*ASSIGNMENT*. Using the data that follows, give again word for word the lines between the one holding "La Siesta - Costa Blanca" and the one holding "a frontal wind turbine", inclusive. Omit the pictures.

*DATA FOR THIS EXERCISE*.

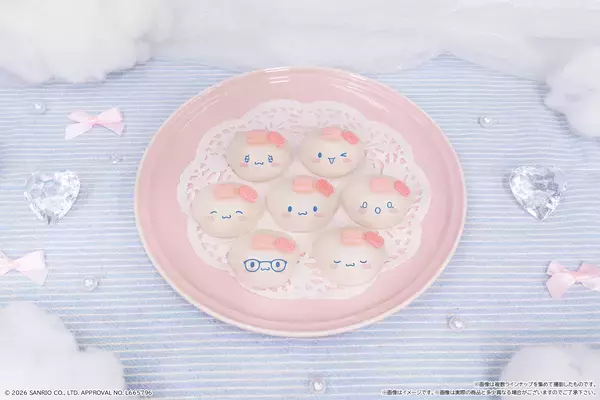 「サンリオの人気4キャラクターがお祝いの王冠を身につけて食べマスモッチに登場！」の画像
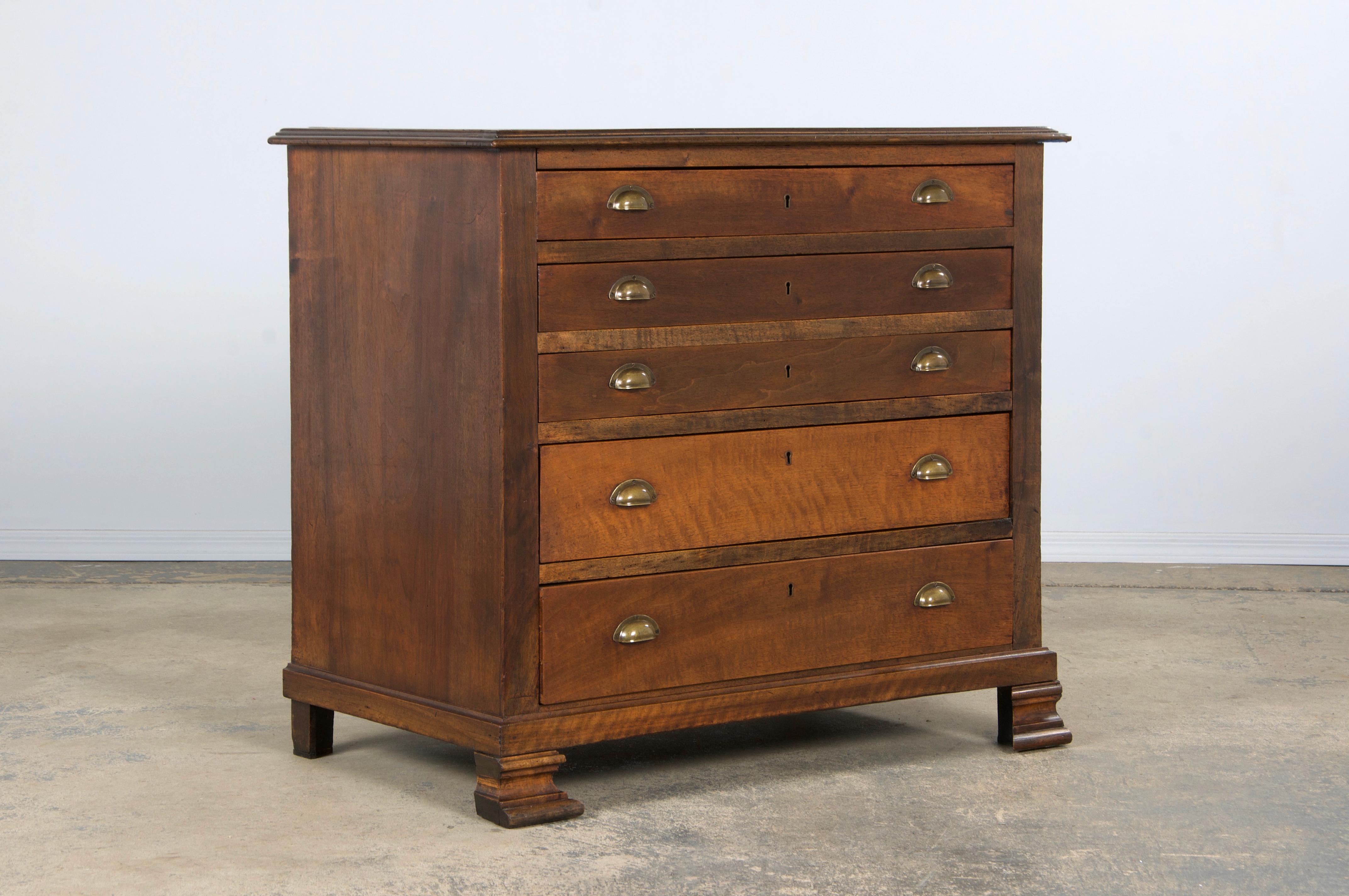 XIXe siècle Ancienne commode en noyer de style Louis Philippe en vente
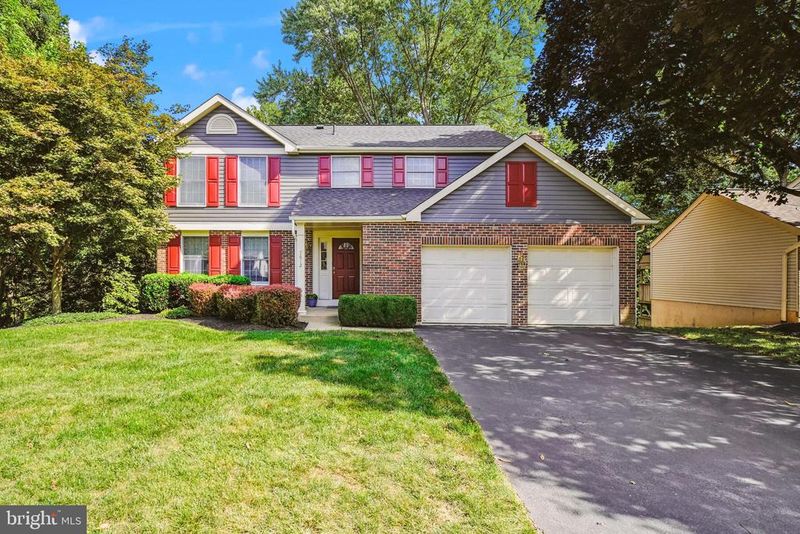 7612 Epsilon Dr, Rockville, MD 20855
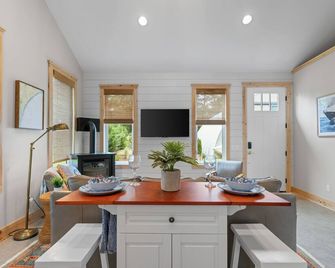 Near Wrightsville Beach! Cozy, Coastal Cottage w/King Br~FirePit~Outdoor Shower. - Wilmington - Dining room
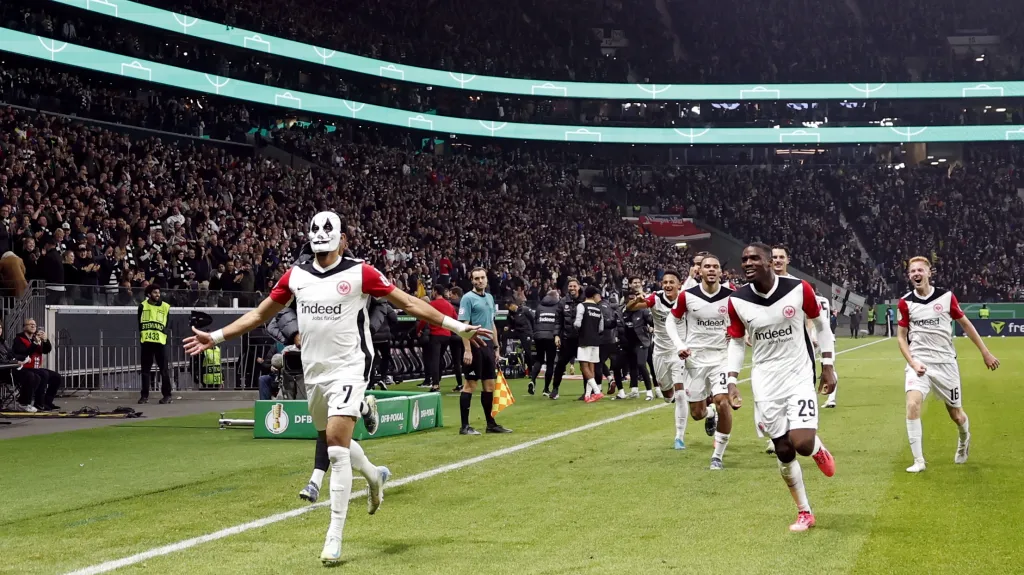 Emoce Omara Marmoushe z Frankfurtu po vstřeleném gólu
...
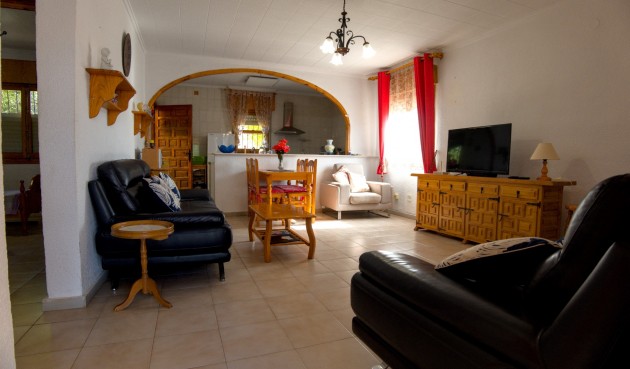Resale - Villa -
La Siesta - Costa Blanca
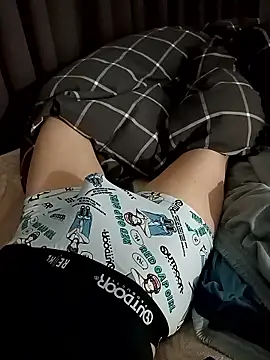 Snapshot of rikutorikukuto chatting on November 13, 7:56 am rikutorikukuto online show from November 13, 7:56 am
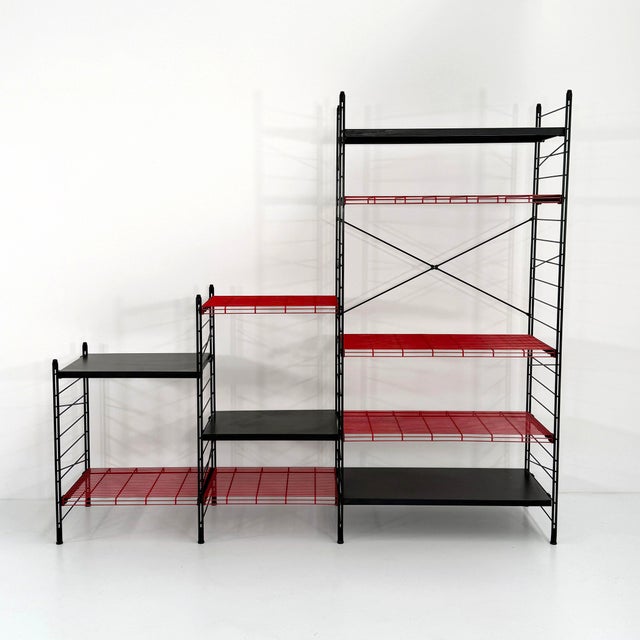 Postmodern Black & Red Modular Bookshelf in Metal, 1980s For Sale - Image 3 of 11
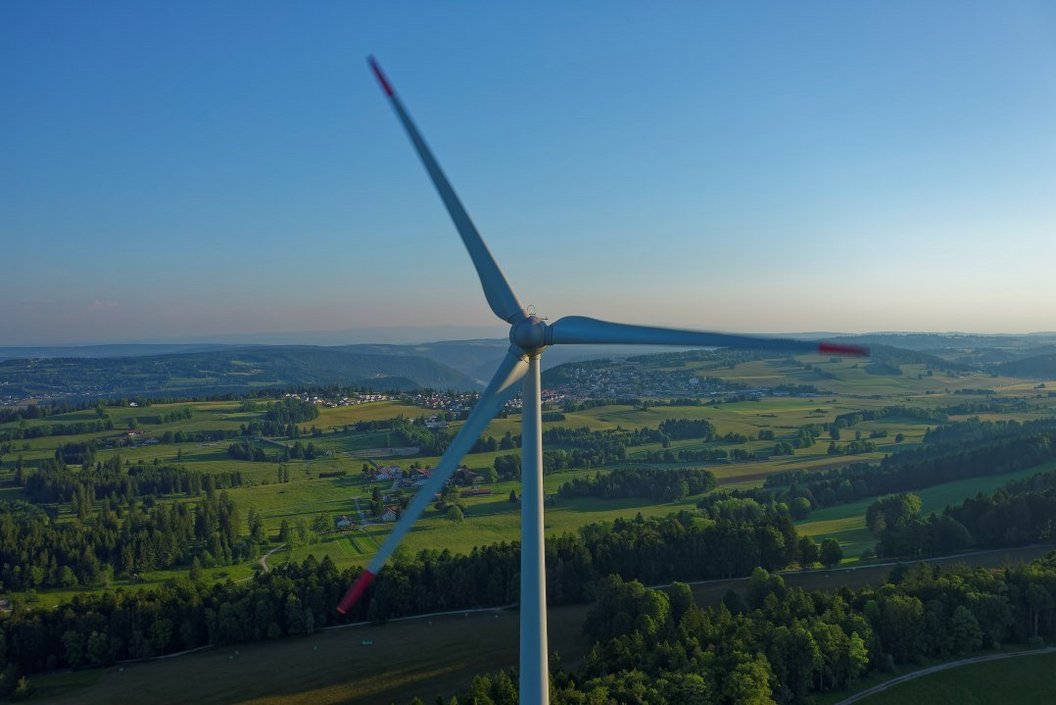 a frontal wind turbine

*TASK OUTPUT*.
La Siesta - Costa Blanca
 Snapshot of rikutorikukuto chatting on November 13, 7:56 am rikutorikukuto online show from November 13, 7:56 am
 Postmodern Black & Red Modular Bookshelf in Metal, 1980s For Sale - Image 3 of 11
 a frontal wind turbine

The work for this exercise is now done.